Researchers from the Hong Kong University of Science and Technology (HKUST) and the University of California, Santa Barbara (UCSB) have now created record-small electrically pumped microlasers epitaxially grown on industry-standard (001) silicon (Si) substrates.1 The devices operate in a whispering-gallery-mode microlaser with a radius of 5 μm, have a submilliamp threshold of 0.6 mA, emit in the near-IR (1.3 μm), and operate at temperatures up to 100 °C. The thresholds and footprints are orders of magnitude smaller than those previously reported lasers epitaxially grown on Si, say the researchers.
It should be noted that a somewhat similar development was reported in 2016 by a group of researchers from University College London (London, England), the University of Sheffield (Sheffield, England), and Cardiff University (Cardiff, Wales).
III-V devices
The gallium arsenide (GaAs) based III-V semiconductor devices from HKURST and UCSB, which also incorporate aluminum (Al) and indium (In), consist of a GaAs layer on Si, 15 periods of thin (5 nm/5 nm) Al0.3Ga0.7As/GaAs layers, and seven InAs/InGaAs quantum dot-in-a-well layers in the laser's active region.
"The realization of high-performance micron-sized lasers directly grown on Si represents a major step toward utilization of direct III-V/Si epitaxy as an alternate option to wafer-bonding techniques as on-chip silicon light sources with dense integration and low power consumption," says Kei May Lau, a professor at HKUST.
From optical to electrical pumping
The two groups had previously developed optically-pumped continuous-wave (CW) microlasers operating at room temperature that were epitaxially grown on silicon with no germanium buffer layer or substrate miscut. "Electrical injection of microlasers is a much more challenging and daunting task: first, electrode metallization is limited by the micro-sized cavity, which may increase the device resistance and thermal impedance; second, the whispering gallery mode (WGM) is sensitive to any process imperfection, which may increase the optical loss," says Yating Wan, a HKUST PhD graduate who is now at UCSB.
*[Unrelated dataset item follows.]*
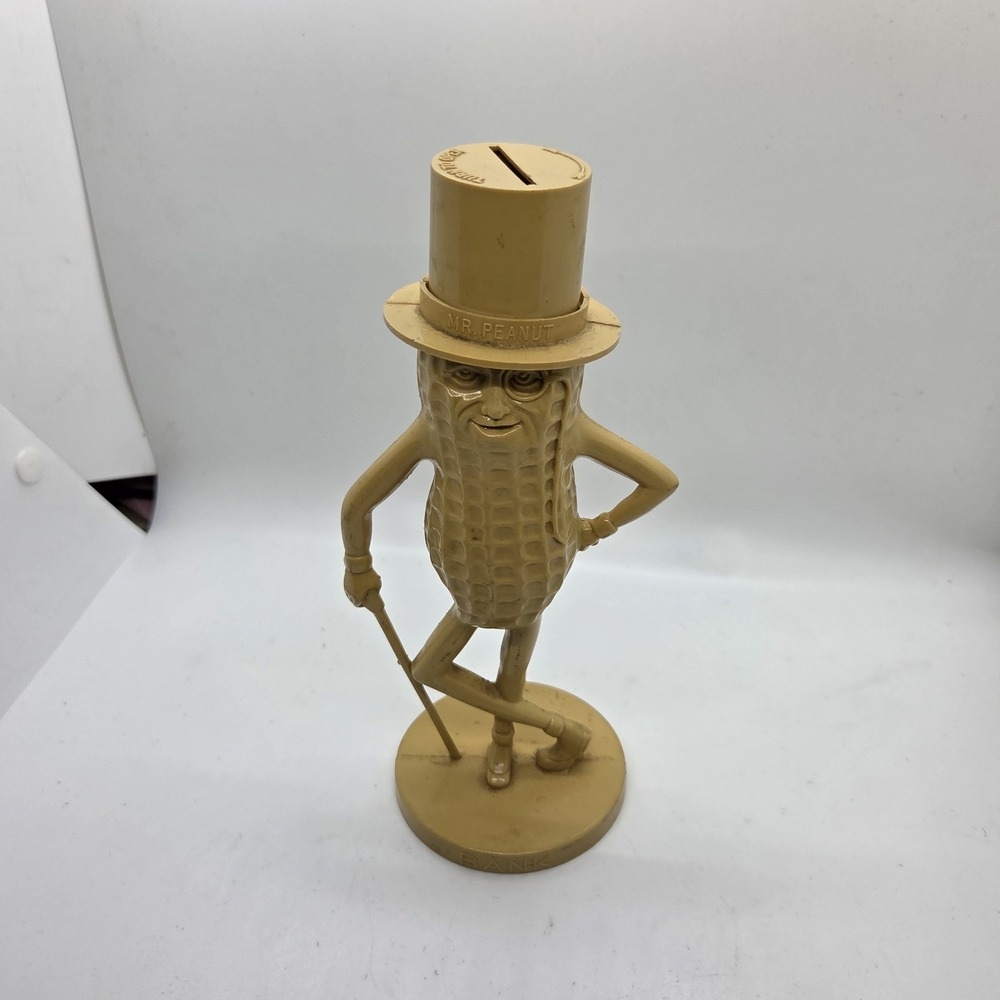VTG Mr. Peanut Planters Nut Plastic Coin‎ Bank Tan Top Hat Cane Promo 8.5"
"As a promising integration platform, silicon photonics needs on-chip laser sources that dramatically improve capability while trimming size and power dissipation in a cost-effective way for volume manufacturability," says John Bowers, deputy chief executive officer of AIM Photonics (Rochester, NY), a consortium devoted to developing the U.S integrated photonics industry. "The realization of high-performance micron-sized lasers directly grown on Si represents a major step toward utilization of direct III-V/Si epitaxy as an alternate option to wafer-bonding techniques."